_Aim of the exercise:_
Below are some records. Retype exactly the lines from the one containing "Une douche fermée" through the one containing "Beige stickad tröja från & Other Stories - Mysig", both included, skipping every picture.

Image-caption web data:
· · · · ·

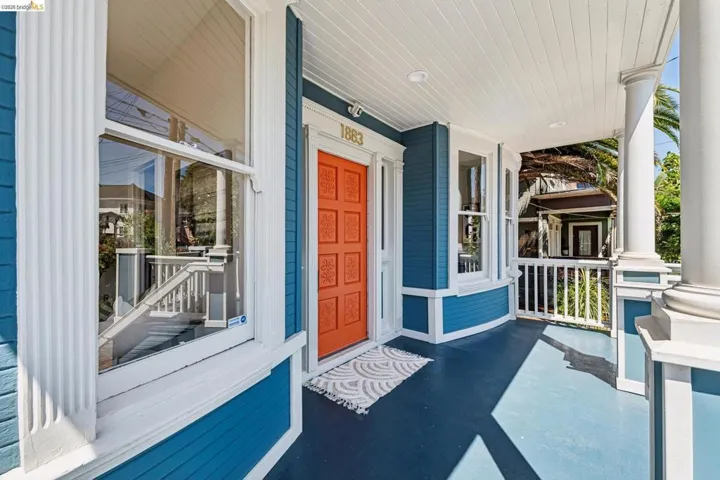 Covered front porch featuring a vibrant orange entry door, white fluted columns, and a beadboard ceiling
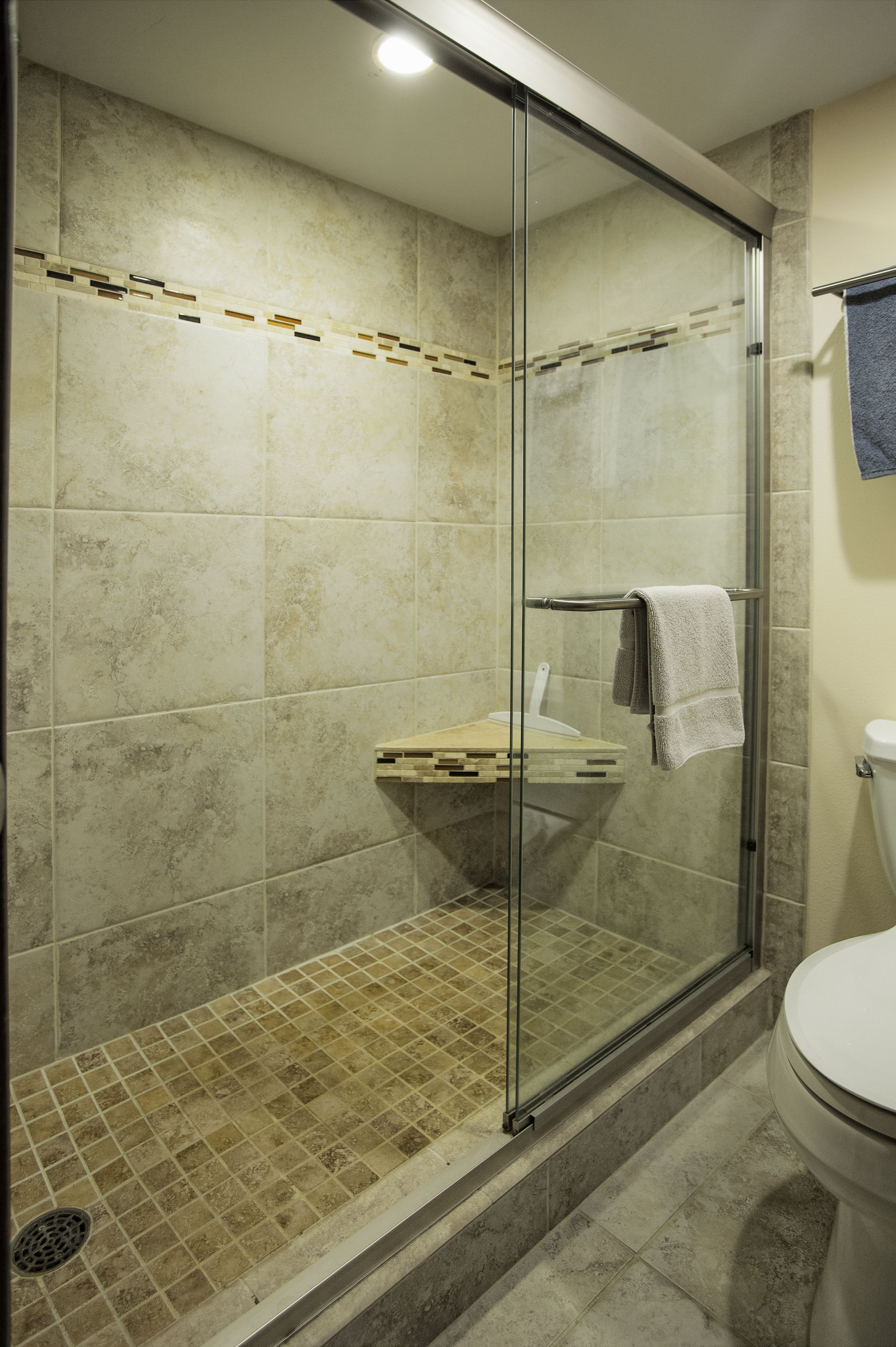 Une douche fermée par des parois de verre, avec un sol carrelé et un petit coin lavabo.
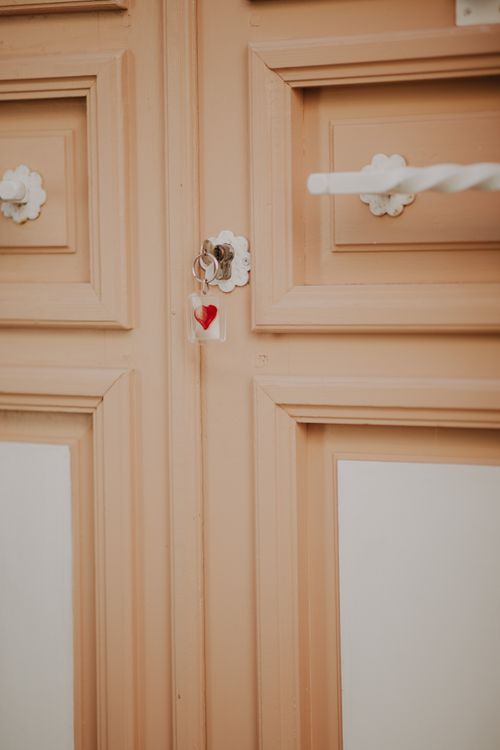 Free Close-up of a beige wooden door featuring a heart-shaped keychain. Stylish and captivating. Stock Photo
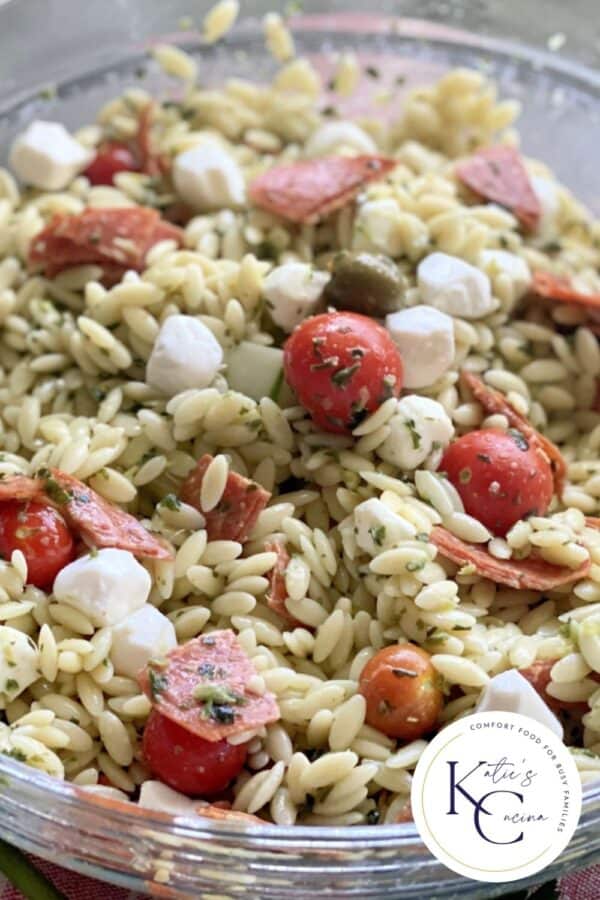 Close up of a glass bowl filled with Orzo Pasta Salad with logo on right corner.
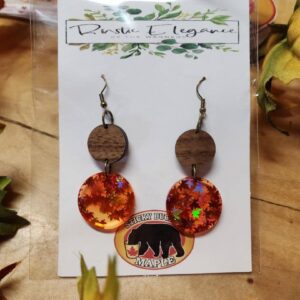 Fall Themed Circular Earrings Set on a Wooden Surface
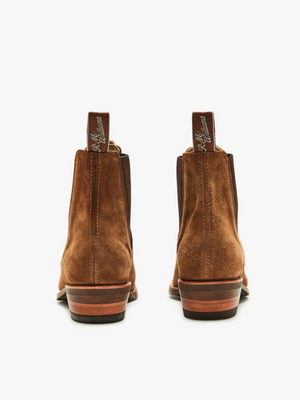 Rear view of RM Williams Lady Yearling suede rubber sole boots, showcasing brown suede Chelsea style with wooden block heels and elegant elastic sides. They feature pull tabs with silver writing, all set against a plain white background.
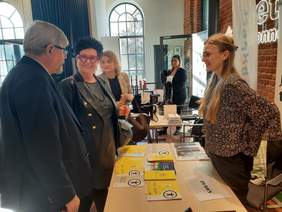 Pokaż zdjęcie: Przy stoisku informacyjnym PFRON stoją dwie kobiety i jeden mężczyzna. Panie uśmiechają się. W tle widać inne osoby. Na stole leżą różne informatory, broszury, ulotki i materiały reklamowe. 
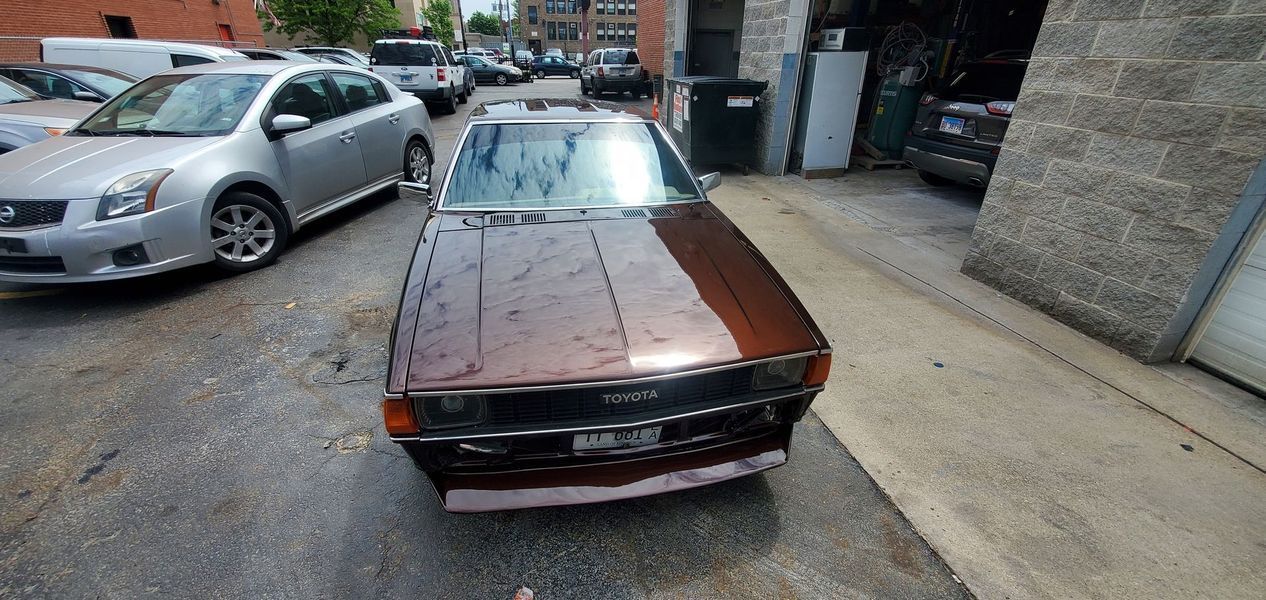 A brown car is parked in a parking lot next to a silver car.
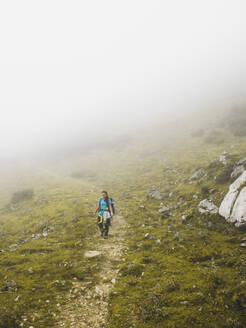 Spanien, Kantabrien, Weibliche Rucksacktouristin beim Wandern in den Picos de Europa bei nebligem Wetter - FVSF00156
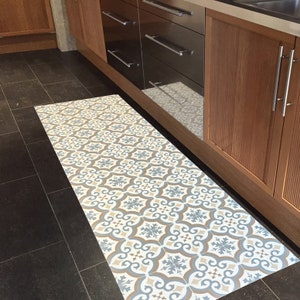 May include: A patterned kitchen rug with a blue, brown, and white geometric design. The rug is placed in front of a set of kitchen cabinets.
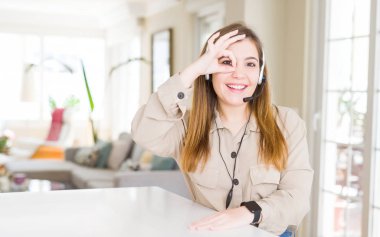 Ofiste kulaklık takan güzel genç operatör kadın el gülümseyerek ok jest yapıyor, mutlu yüz ile parmaklardan bakan göz.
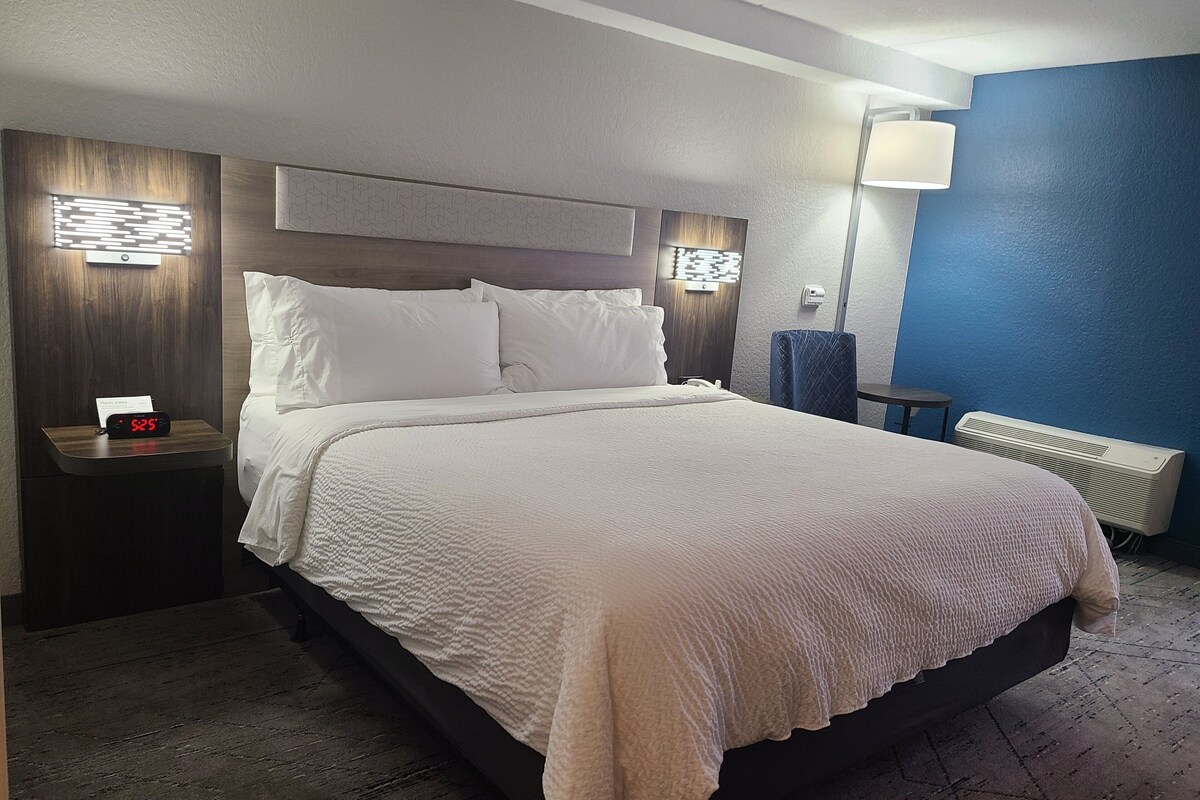 Una cama bien hecha con sábanas blancas, una mesita de noche con un reloj y una lámpara de pared.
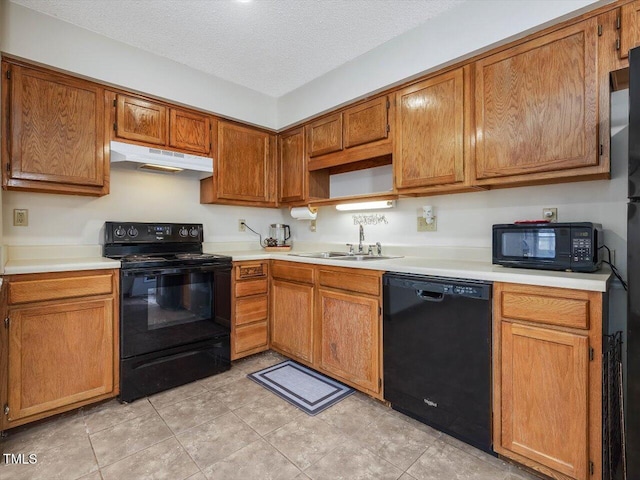 kitchen featuring black appliances, under cabinet range hood, a sink, a textured ceiling, and light countertops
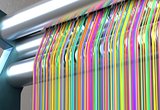 Textile machine with rainbow colors threads. 3d illustration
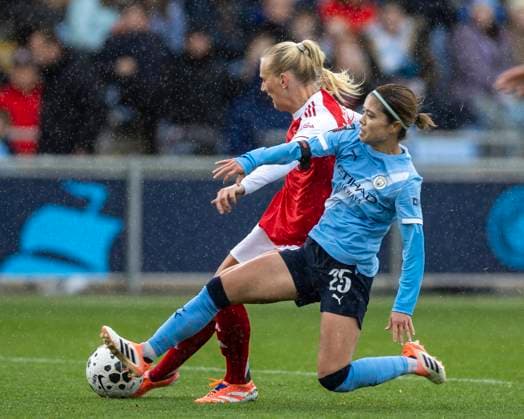 4th October 2025; Joie Stadium, Manchester, England; Womens Super League Football, Manchester City versus Arsenal; Stina Blackstenius of Arsenal Women is tackled by Yui Hasegawa of Manchester City Women  TimxWilliams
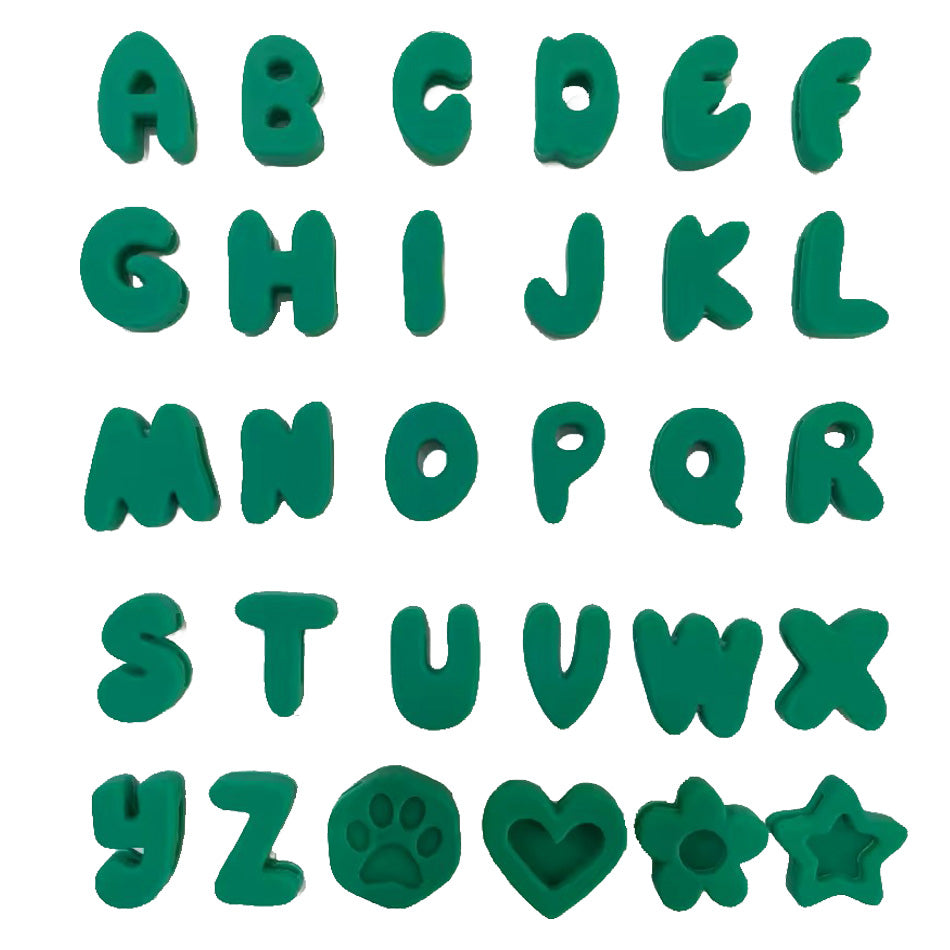 Green alphabet cookie cutters and stamps arranged in a grid on a white background, including letters A through Z, a paw print, a heart, a flower, and a star.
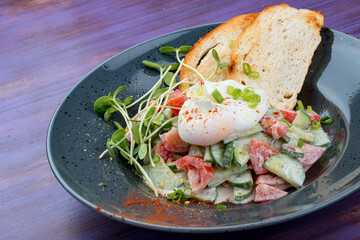 Homemade salad with vegetables and poached egg. Breakfast.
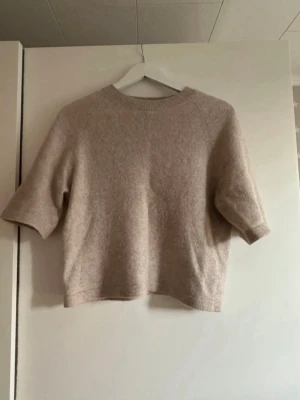 Beige stickad tröja från & Other Stories - Mysig beige stickad tröja från & Other Stories med rund halsringning och halvlånga ärmar. Tröjan har en mjuk och fluffig känsla, perfekt för lager på lager. Enkel och stilren design som passar till det mesta.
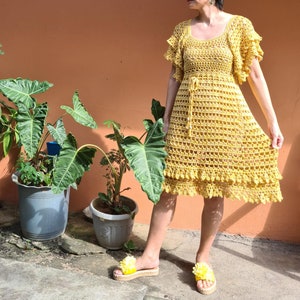 May include: A yellow crochet dress with a ruffled hem and short sleeves. The dress has a crocheted belt and is worn by a person standing on a patio.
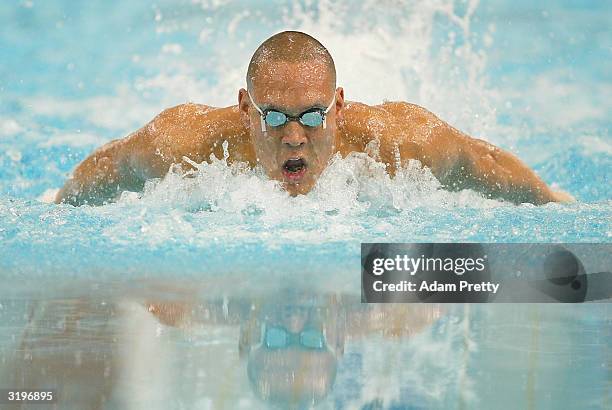 April 2: Geoff Huegill of Australia on his way to winning the mens 100m butterfly final during day 7 of the Telstra Olympic Team Swimming Trials at...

· · · · ·

_Task answer:_
 Une douche fermée par des parois de verre, avec un sol carrelé et un petit coin lavabo.
 Free Close-up of a beige wooden door featuring a heart-shaped keychain. Stylish and captivating. Stock Photo
 Close up of a glass bowl filled with Orzo Pasta Salad with logo on right corner.
 Fall Themed Circular Earrings Set on a Wooden Surface
 Rear view of RM Williams Lady Yearling suede rubber sole boots, showcasing brown suede Chelsea style with wooden block heels and elegant elastic sides. They feature pull tabs with silver writing, all set against a plain white background.
 Pokaż zdjęcie: Przy stoisku informacyjnym PFRON stoją dwie kobiety i jeden mężczyzna. Panie uśmiechają się. W tle widać inne osoby. Na stole leżą różne informatory, broszury, ulotki i materiały reklamowe. 
 A brown car is parked in a parking lot next to a silver car.
 Spanien, Kantabrien, Weibliche Rucksacktouristin beim Wandern in den Picos de Europa bei nebligem Wetter - FVSF00156
 May include: A patterned kitchen rug with a blue, brown, and white geometric design. The rug is placed in front of a set of kitchen cabinets.
 Ofiste kulaklık takan güzel genç operatör kadın el gülümseyerek ok jest yapıyor, mutlu yüz ile parmaklardan bakan göz.
 Una cama bien hecha con sábanas blancas, una mesita de noche con un reloj y una lámpara de pared.
 kitchen featuring black appliances, under cabinet range hood, a sink, a textured ceiling, and light countertops
 Textile machine with rainbow colors threads. 3d illustration
 4th October 2025; Joie Stadium, Manchester, England; Womens Super League Football, Manchester City versus Arsenal; Stina Blackstenius of Arsenal Women is tackled by Yui Hasegawa of Manchester City Women  TimxWilliams
 Green alphabet cookie cutters and stamps arranged in a grid on a white background, including letters A through Z, a paw print, a heart, a flower, and a star.
 Homemade salad with vegetables and poached egg. Breakfast.
 Beige stickad tröja från & Other Stories - Mysig beige stickad tröja från & Other Stories med rund halsringning och halvlånga ärmar. Tröjan har en mjuk och fluffig känsla, perfekt för lager på lager. Enkel och stilren design som passar till det mesta.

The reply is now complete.